Perpetual scrutiny was what Lucia felt her voyeuristic father had subjected her to as a child. She saw herself as fodder for his fiction, and, on being told that he had died, said: ‘What is he doing under the earth? . . . He’s watching you all the time.’ It was her impression, she confided to a friend, that whatever she said or did went into a book. At the same time she seems to have regarded herself as the ideal reader of her father’s work, just as she seemed to think that he was the ideal reader of her. ‘Lucia has no trust in anyone except me,’ Joyce wrote, ‘and she thinks nobody else understands a word of what she says.’ Both father and daughter were esoteric texts impossible to fathom. It was on the ground of this opaqueness that they were able to come together.

This biography is at its best and its worst when it turns to unpack this strange complicity. At its worst, because it is here that Shloss’s ever precarious prose is at its most luridly tabloid. Lucia served Joyce ‘as a dark muse . . . fused in a dark creative bond with her father’. ‘Something creative, compelling, and possibly dangerous,’ she tells us, ‘had been going on between two extraordinary people.’ Lucia was ‘the light-giver, the patron saint of eyesight, the guide through dark places’. In fact, Joyce’s daughter was an echo of her half-blind father even to the point of having a cast in her left eye.

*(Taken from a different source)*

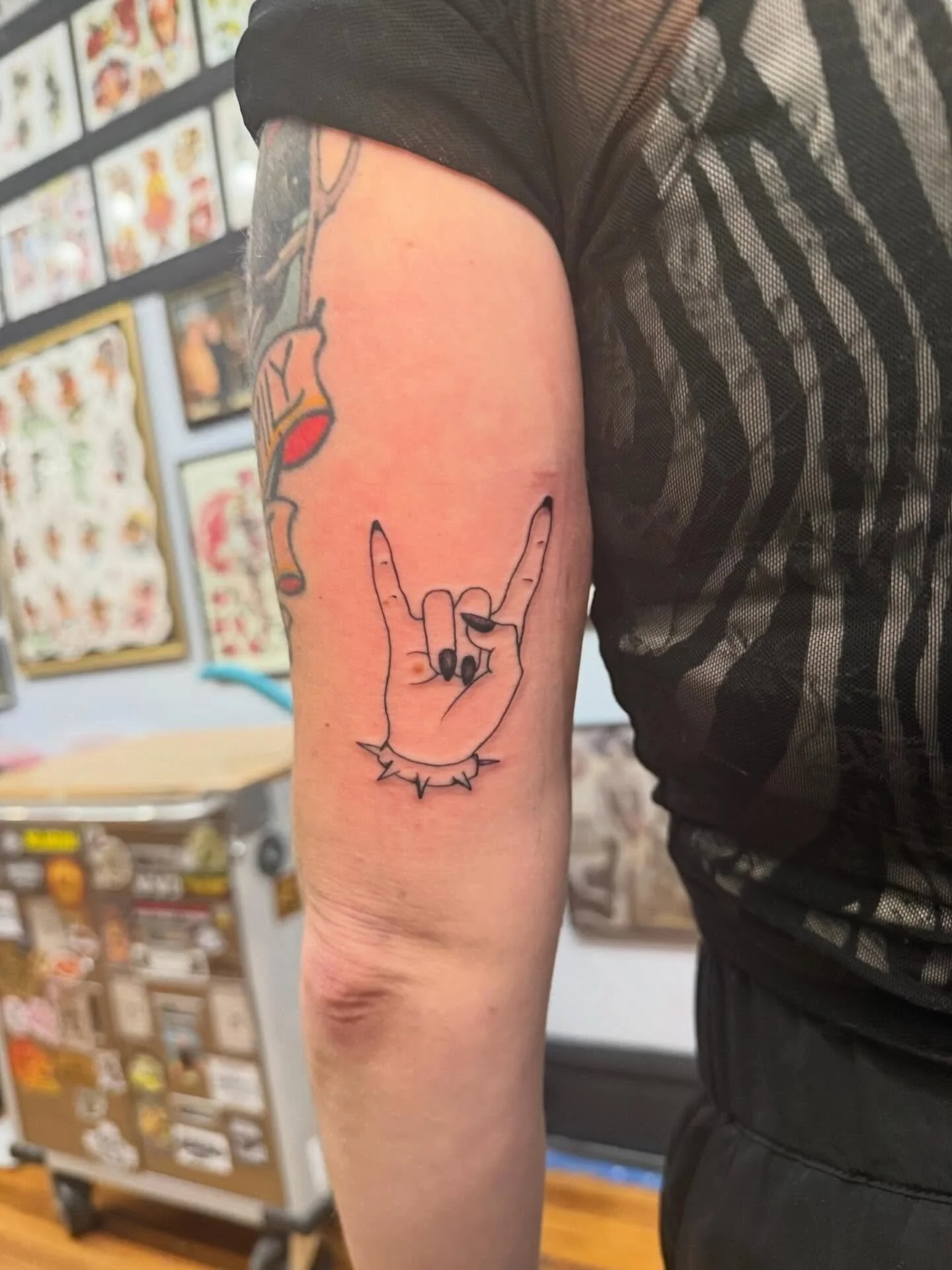 @malubiana has been killing the black and grey lately. Beautiful line work and smooth shading. She&rsquo;s really got this nailed. 

#linework #lineworktattoo #blackandgreytattoo #rockon #femininetattoo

The word ‘dark’ is always a sign that Shloss is working up to a rhapsodic flight of fancy, as is the word ‘dance’. It evokes in her a language of flows, fluxes, intensities and desires which recalls the work of that great celebrator of the schizoid, Gilles Deleuze. Lucia and Joyce, the one dancing and the other writing, ‘communicate with a secret, unarticulated voice. The writing of the pen, the writing of the body become a dialogue of artists, performing and counterperforming, the pen, the limbs writing away.’

The most irritating aspect of this portentous parallel is that there is something in it. Joyce, who organised Ulysses around bodily organs, is indeed a great artist of the body, who in Finnegans Wake makes the signifier dance. And there does indeed seem to have been some mimetic bond between these two self-centred artists. Shloss argues persuasively that the conclusion of Finnegans Wake pays homage to Lucia, as Joyce poignantly seeks to make amends to his beloved daughter and convince her that all may still be well. Like most literary biographers, she makes too direct a connection between the art and the life; but she is probably right to hear in the words ‘How glad you’ll be I waked you! How well you’ll feel! For ever after’ a loving reassurance to the child Joyce had now lost for ever.

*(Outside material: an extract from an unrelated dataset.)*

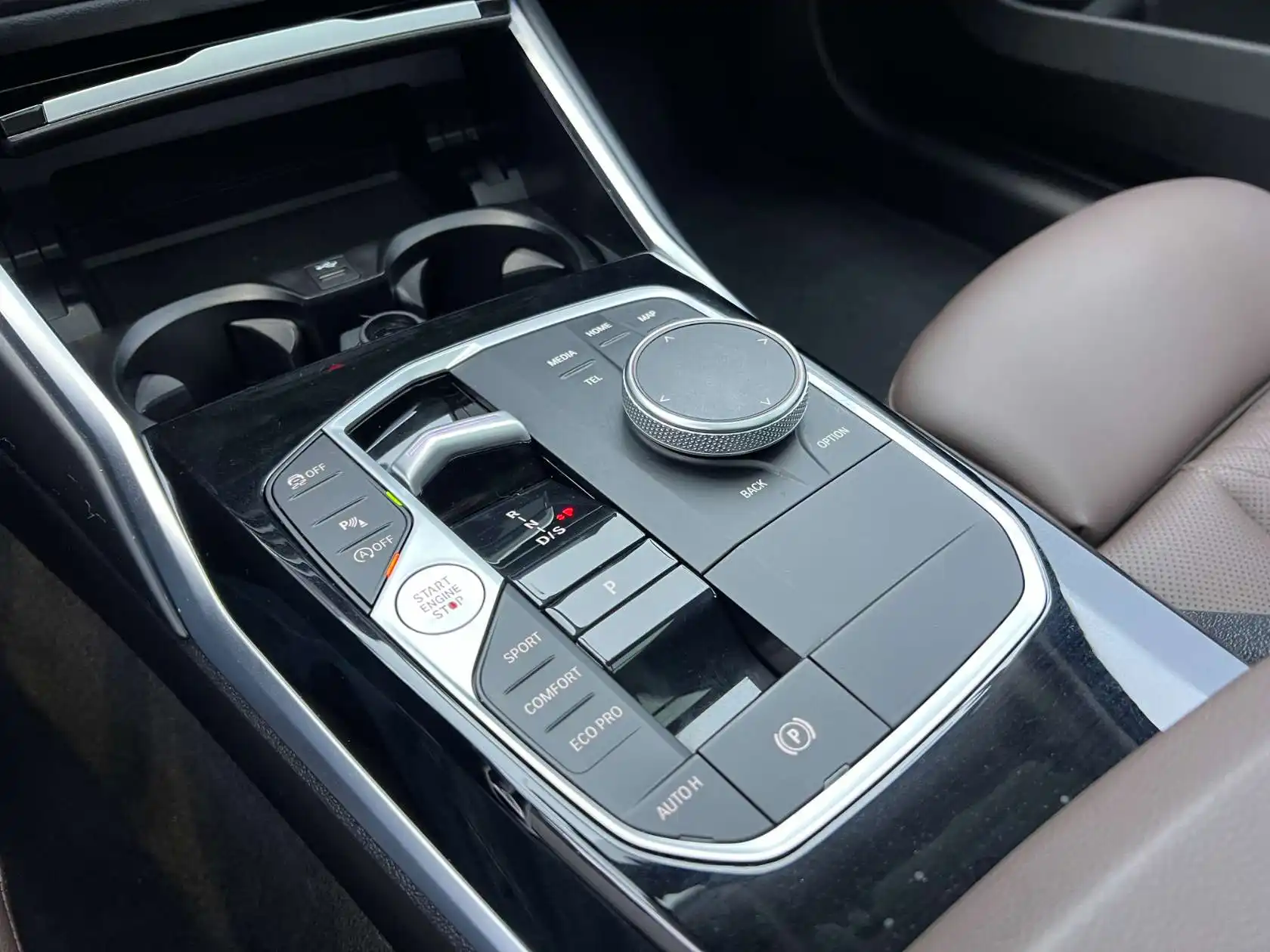 BMW 320Li, 2024 9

As this book demonstrates, Joyce never gave up trying to reclaim her. When the Second World War broke out, the French psychiatric hospital in which she was locked up came under German jurisdiction, and Lucia, classified as unworthy of life under Nazi laws governing the mentally defective, could have been murdered. Joyce moved heaven and earth to get her to safety, but died before he could do so. He had fled from one form of nationalism in Ireland, and was now up against an infinitely more noxious version of the creed. Finnegans Wake has been called a great anti-fascist novel – not because it has much to say about fascism, but because its promiscuous mixing of myths and languages is its author’s riposte to delusions of racial purity.

Lucia spent the last thirty years of her life in the psychiatric hospital in Northampton in which John Clare had been detained a century before. She died in 1982. If her father was unusual among the great Modernist writers for the resolute ordinariness of his art, he was also exceptional for his anti-tragic vision. There is no real tragedy in Joyce’s work, since there can be no absolute loss in a world of eternal recurrence. Everything is ultimately recycled as something else. We are all just plagiarisms of the past. But this was not true of Joyce’s life, which was haunted by the image of a Cordelia dead in his arms. Placing his hand on the manuscript of Finnegans Wake, he once told a friend: ‘Sometimes I tell myself that when I leave this dark night, she too will be cured.’